[Math] Feature scaling’s effect on gradient descent

Question

In Andrew Ng's machine learning class, he mentioned feature scaling will make gradient descent goes faster.

https://www.coursera.org/learn/machine-learning/supplement/CTA0D/gradient-descent-in-practice-i-feature-scaling

Specifically:

We can speed up gradient descent by having each of our input values in
roughly the same range. This is because θ will descend quickly on
small ranges and slowly on large ranges, and so will oscillate
inefficiently down to the optimum when the variables are very uneven.

Why it would work?

Answer 1

The gradient descend uses one fixed learning rate for all $\theta$'s, so we need to choose the value based on the input value having the smallest range. Otherwise the gradient descent might not converge for that small range. Now with that small learning rate it takes ages for the large range to converge.

There is also good explanation in Quora

Essentially, scaling the inputs (through mean normalization, or z-score) gives the error surface a more spherical shape, where it would otherwise be a very high curvature ellipse.

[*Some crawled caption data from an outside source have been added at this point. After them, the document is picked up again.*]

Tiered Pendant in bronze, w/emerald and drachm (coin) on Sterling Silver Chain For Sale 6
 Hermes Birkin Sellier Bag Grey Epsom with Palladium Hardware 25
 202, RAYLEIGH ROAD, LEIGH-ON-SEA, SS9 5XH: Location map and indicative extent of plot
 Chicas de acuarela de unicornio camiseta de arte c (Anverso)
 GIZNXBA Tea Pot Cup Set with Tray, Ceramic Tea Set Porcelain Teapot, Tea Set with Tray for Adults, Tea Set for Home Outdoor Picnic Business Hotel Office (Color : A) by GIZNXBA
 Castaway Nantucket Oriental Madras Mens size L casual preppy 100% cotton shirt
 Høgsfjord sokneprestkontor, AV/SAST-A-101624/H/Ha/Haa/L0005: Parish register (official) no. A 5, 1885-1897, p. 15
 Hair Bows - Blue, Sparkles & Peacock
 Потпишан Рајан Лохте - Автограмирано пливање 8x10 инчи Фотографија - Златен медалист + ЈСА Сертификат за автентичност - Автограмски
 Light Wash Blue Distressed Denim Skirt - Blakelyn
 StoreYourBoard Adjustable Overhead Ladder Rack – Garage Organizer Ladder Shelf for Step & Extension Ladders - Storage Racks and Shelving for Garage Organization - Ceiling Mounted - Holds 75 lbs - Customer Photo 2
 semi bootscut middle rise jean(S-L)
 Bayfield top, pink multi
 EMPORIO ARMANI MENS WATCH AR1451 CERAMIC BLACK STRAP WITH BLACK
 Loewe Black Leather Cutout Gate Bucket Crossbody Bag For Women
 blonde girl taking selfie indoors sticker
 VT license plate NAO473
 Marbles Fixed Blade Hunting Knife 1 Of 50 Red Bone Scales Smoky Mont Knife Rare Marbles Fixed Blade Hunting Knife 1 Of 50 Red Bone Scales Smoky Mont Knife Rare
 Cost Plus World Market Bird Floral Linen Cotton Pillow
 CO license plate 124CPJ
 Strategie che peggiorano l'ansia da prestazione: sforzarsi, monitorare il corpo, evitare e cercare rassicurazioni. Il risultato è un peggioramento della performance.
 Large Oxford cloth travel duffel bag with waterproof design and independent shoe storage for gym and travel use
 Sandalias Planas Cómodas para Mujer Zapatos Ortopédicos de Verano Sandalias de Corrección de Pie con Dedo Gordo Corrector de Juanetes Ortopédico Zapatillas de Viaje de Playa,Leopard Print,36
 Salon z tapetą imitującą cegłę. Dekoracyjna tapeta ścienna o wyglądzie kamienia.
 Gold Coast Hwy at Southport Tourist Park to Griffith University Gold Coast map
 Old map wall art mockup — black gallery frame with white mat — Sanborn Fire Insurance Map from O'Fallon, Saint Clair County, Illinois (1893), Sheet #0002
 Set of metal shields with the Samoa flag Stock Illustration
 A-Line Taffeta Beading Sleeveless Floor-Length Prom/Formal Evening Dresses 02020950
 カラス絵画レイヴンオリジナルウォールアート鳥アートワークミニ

Since gradient descent is curvature-ignorant, having an error surface with high curvature will mean that we take many steps which aren't necessarily in the optimal direction. When we scale the inputs, we reduce the curvature, which makes methods that ignore curvature (like gradient descent) work much better. When the error surface is circular (spherical), the gradient points right at the minimum, so learning is easy.